Maintenance of the burial ground
By 1969 the cemetery was in a deplorable state with Mr Crow’s hedge bordering cemetery overgrown– so the maintenance was put out to tender. May 1969 Mr E E Jeaves of 4 Beech Farm cottages, Button End, was asked to continue to be cemetery caretaker but was unable to look after the cemetery during the following two months as he was very busy during fine weather harvesting beet. Jul 1969 Mr B Sewell, who used to be Cemetery caretaker, was asked but he said he found it too much to take on. Mr H Padwick of Cambridge took the job for £72 a year from 1969, ok’d by E Lindgren. Mr Hunt of Melbourn maintained it from 1971 with the original clearance for £40, then for about £75 a year. But there were problems again by 1978 as the advert below shows.
Advert put in parish magazine Jan 1978:
Is there anyone in the village interested in taking on the job of maintenance to Harston Burial Ground in Button end? The job is usually done from March/November and consists of cutting of all the grass and hedge and the weeding of the path and turnaround at the end of the Burial Ground. Payment by negotiation. If anybody is interested please contact me on 870286 (18 Queen’s Close), before 13 March when the next Parish council Meeting is to be held.
Elizabeth Chapman (Clerk).
This was obviously successful as records below show.
Note from Mrs E Chapman, clerk to parish council 8th June 1978
to be included in the parish magazine (organised by Mr S Nicol at that time):
During this day and age when the youth of the world are often slated for their lack of interest and community spirit, it is with the greatest of pleasure that the Parish council accepted the offer of the Harston Scout Troup to take over the maintenance of the Burial Ground. This is a mamouth job for which their rules and regulations permit no payment and is being undertaken in a true community spirit and we should be proud of the young lads of our village for taking this on. This quiet corner of our village is a very special spot to a lot of our residents and I am sure they can only be delighted at the transformation that is taking place.
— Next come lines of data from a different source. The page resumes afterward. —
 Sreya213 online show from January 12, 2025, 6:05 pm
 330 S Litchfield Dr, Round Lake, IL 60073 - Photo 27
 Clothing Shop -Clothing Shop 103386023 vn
A big ‘thank you’ from the Parish council and all the village folk to all the Scouts helping to keep this peaceful place tidy and well cared for.
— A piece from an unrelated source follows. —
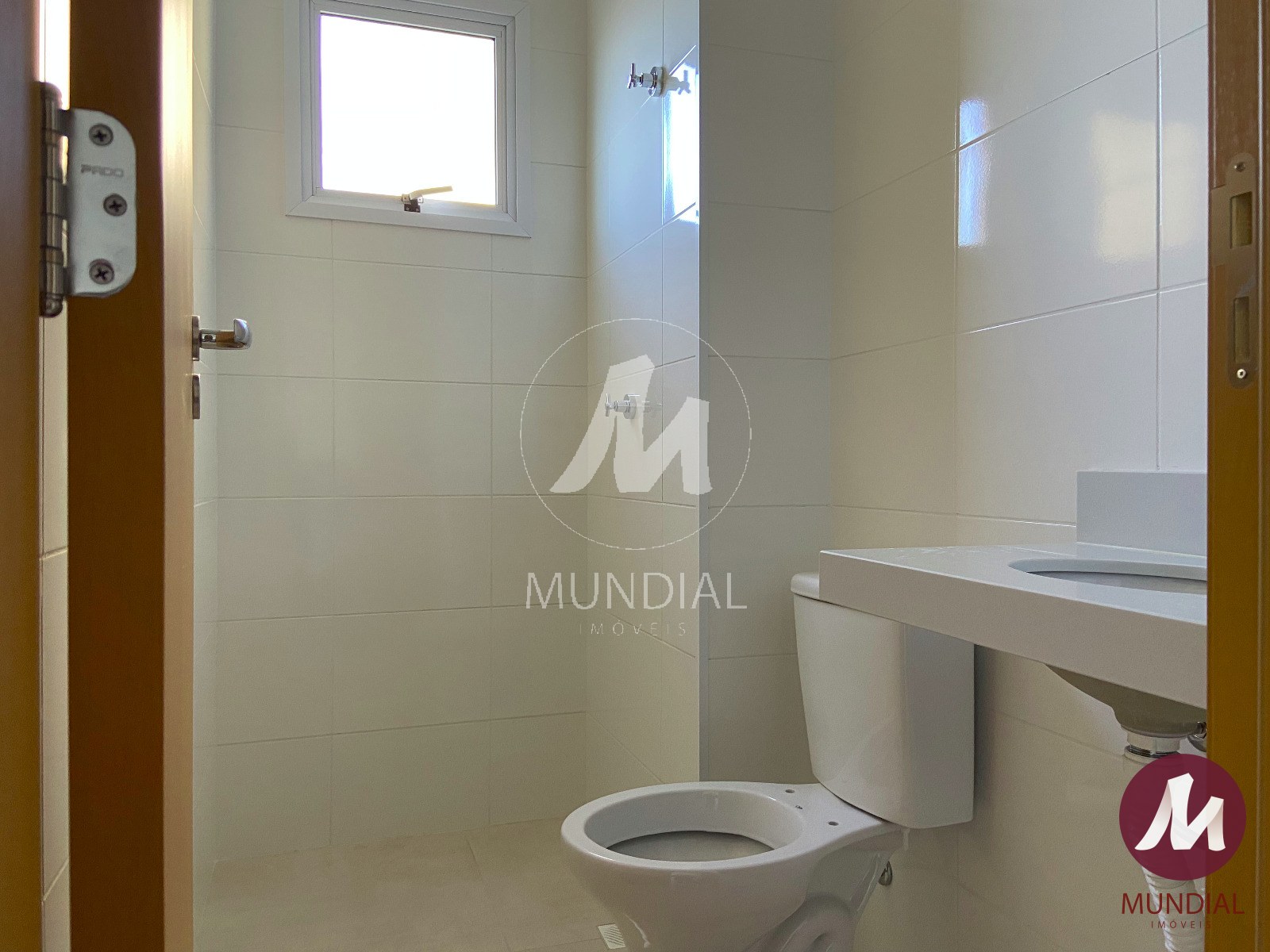 Suite — foto 12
Elizabeth Chapman, Clerk to the Parish Council.
And yet in March 1985 in the parish magazine a note gave thanks to Mr Day who had looked after the burial ground in Button End for the last year and kept it very neat & tidy.
Parish Council tree Planting Project in Burial Ground.
A notice had been put in the village magazine by Oct 1994 asking for volunteers to help with improving the appearance and setting of the cemetery and had number of replies. Jeremy Symes was one. Gerald Ives also helped. Jane Martin was parish clerk at the time and 13 December 1994 meeting to discuss proposals to re-landscape the Burial Ground was led by Mr Paget.
South Cambs did much work in 1995 to get a Countryside Tree and Hedge pack from Cambs County Council and had submitted plans for their location in Harston Cemetry. The planting scheme was put forward by Val Ford, Jed Roberts & Peggy Johnson (Hope Cottage, Button End). The Council agreed to fund the scheme for £350 as long as they made sure they didn’t impact on (unmarked) graves.
During 1997-8 old evergreen shrubs were removed and 18 trees purchased, along with a gift of 50 m of hornbeam hedging & 25 m of native hedging. During August 1998 Muntjac deer damaged the Amelanchier tree up to over 1metre so emergency protection was set up. More trees were to be planted as part of the 5 year project and they were encouraged to fill the roadside boundary with trees along the fence. ‘Plantings of Jan 30 and Feb 7 1998 are in place to include planting of the hedge (gap), the laying of the hedge at the far end of the burial ground and the planting of the commemorative trees’. Summary by Peggy P Johnson.